Simonal dizia que após a ditatura, até torturadores e terroristas foram anistiados, menos ele, que se transformou em um morto-vivo.
Alguns, como o próprio Nelson Motta, acreditam que, se não fosse negro, ele teria sido absolvido pela sociedade. Já o jornalista Ricardo Alexandre, autor da biografia do artista, supõe que a opinião dos brasileiros se baseou parte em fatos, parte em lendas “e outras vezes em sentimentos complexos como racismo, paixão e inveja”.

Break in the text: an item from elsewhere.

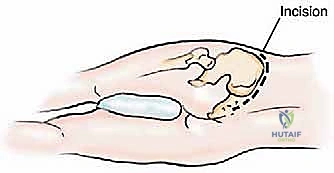 Clinical Image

Nos últimos anos, o cantor tem sido lembrado de diferentes formas. Sua obra voltou a ser citada como referência para a black music brasileira na imprensa, foi redescoberta pelo público e por DJs, que tocam suas músicas nas festas. A seus discos e coletâneas que foram relançados, se juntam outras iniciativas, como o projeto Baile do Simonal, organizado pelos seus filhos Wilson Simoninha e Max de Castro; a biografia “Nem vem que não tem” - A vida e o veneno de Wilson Simonal (Editora Globo); e o documentário Wilson Simonal – Ninguém sabe o duro que dei, entre outros projetos.
É como se a realização deste musical fosse uma nova página nesse processo de reabilitação do artista, coroando todo o esforço que vem sendo feito para preservar viva a sua memória. No palco, diante de nossos olhos, a imagem do grande astro Wilson Simonal renasce. Com sua voz potente, humor contagiante, inegável talento e suingue inconfundível. “Alegria, alegria!”, como diria ele. Aquela primeira morte, em que foi condenado ao ostracismo, à depressão e ao anonimato, ficou para trás. Simonal é reabilitado como um dos maiores cantores do país. E é desta forma que será lembrado daqui pra frente. Devidamente perdoado, ele pode finalmente descansar em paz. E pode, por fim, nos perdoar também.